German Basic and Luxury Food Workers' Union
- Predecessor: Union of Bakers and Related Workers of Germany, Central Union of Confectionery and Gingerbread
- Merged into: Union of Food and Drink Workers
- Founded: 1 July 1907
- Dissolved: 1927
- Location: Germany;
- Affiliations: ADGB, UIBC

= Central Union of Bakers and Confectioners =

The Central Union of Bakers and Confectioners (Zentralverband der Bäcker, Konditoren und Verwandter Berufsgenossen Deutschlands) was a trade union that played a significant role in representing workers in bakeries and related trades in Germany.

The union was founded in 1907, when the Union of Bakers and Related Workers of Germany merged with the Central Union of Confectionery and Gingerbread. Soon after, it organised an international conference in Stuttgart, which established the International Federation of Bakers, Pastry Cooks and Allied Workers' Associations. Nationally, the union was affiliated to the General Commission of German Trade Unions, then from 1919 to its successor, the General German Trade Union Confederation. The union published the Bäcker und Konditoren-Zeitung until 1922, when it was replaced by Einigkeit.

During World War I, the union maintained close links with members who were serving in the armed forces, for example, polling them on its policy on night baking.

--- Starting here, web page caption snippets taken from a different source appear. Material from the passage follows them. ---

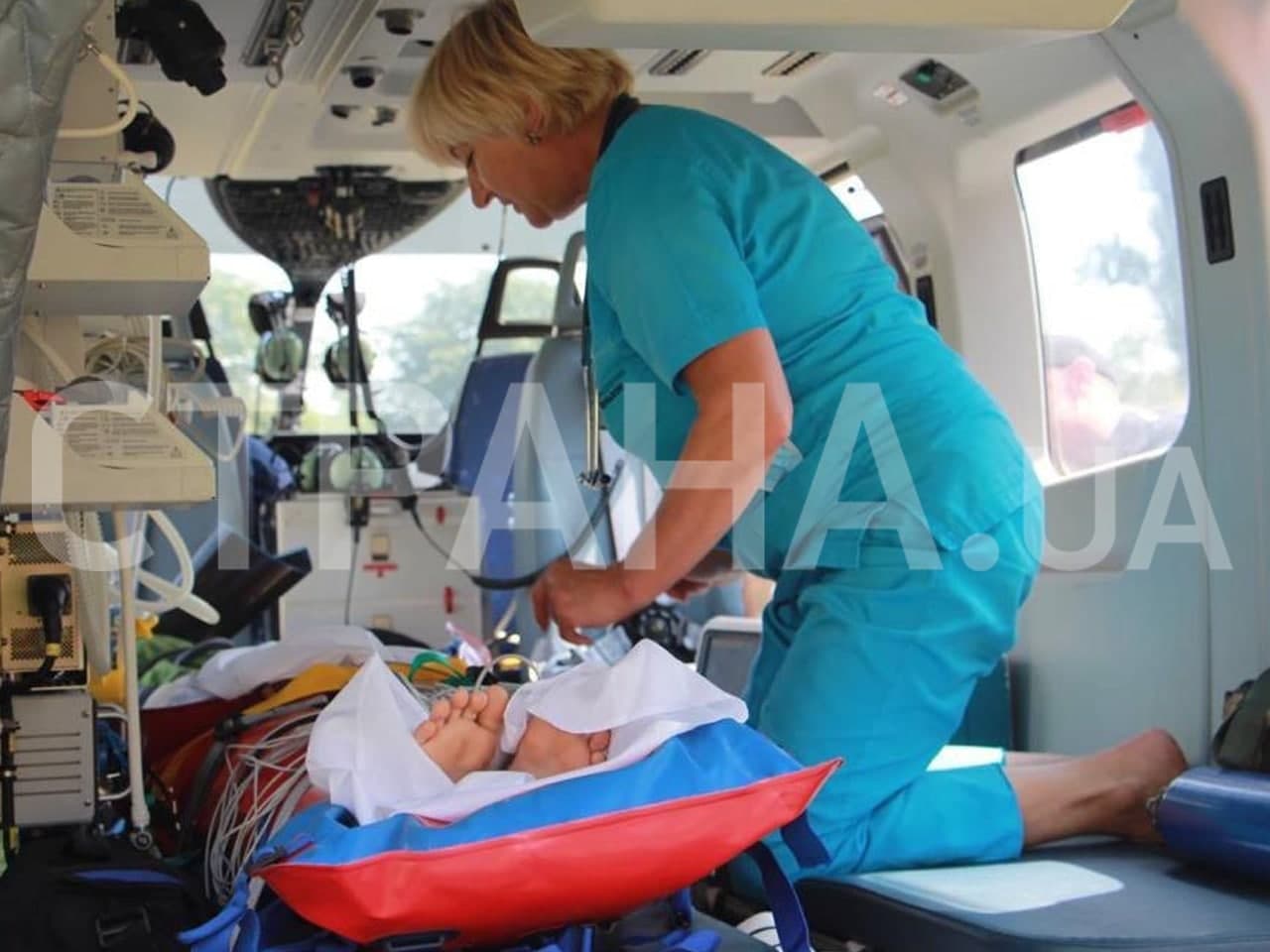 Мальчика на вертолете перевезли в больницу Киева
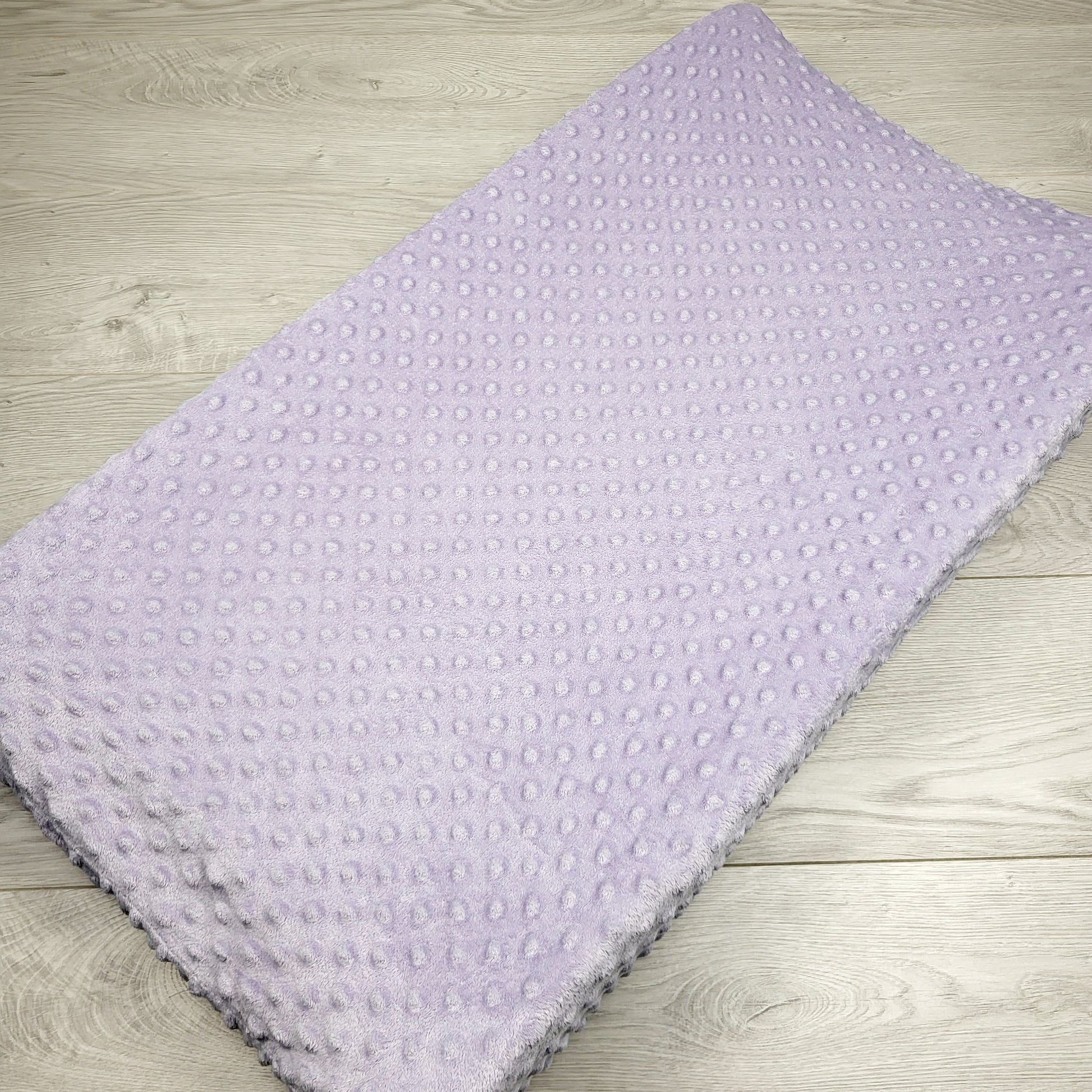 LKAN1 - Matelas à langer Kidi Co avec housse en minky. Retrait ou livraison sur place uniquement.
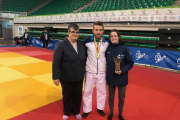 Alexis Rosa en el centro de la  imagen junto a su entrenadora Sandra García y su compañera Rocío García.-HDS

After World War I, the union led a prominent campaign against night work, and it also promoted agreements on tariffs. In 1918, it changed its name to the German Basic and Luxury Food Workers' Union (Deutscher Nahrungs- und Genußmittelarbeiter-Verband) and in Leipzig Josef Diermeir was elected.

By 1927, the union had 52,580 members. On 24 September, it merged with the Union of Brewery and Mill Workers, the Central Union of Butchers, and the Union of Coopers, Cellar Managers, and Helpers in Germany, to form the Union of Food and Drink Workers.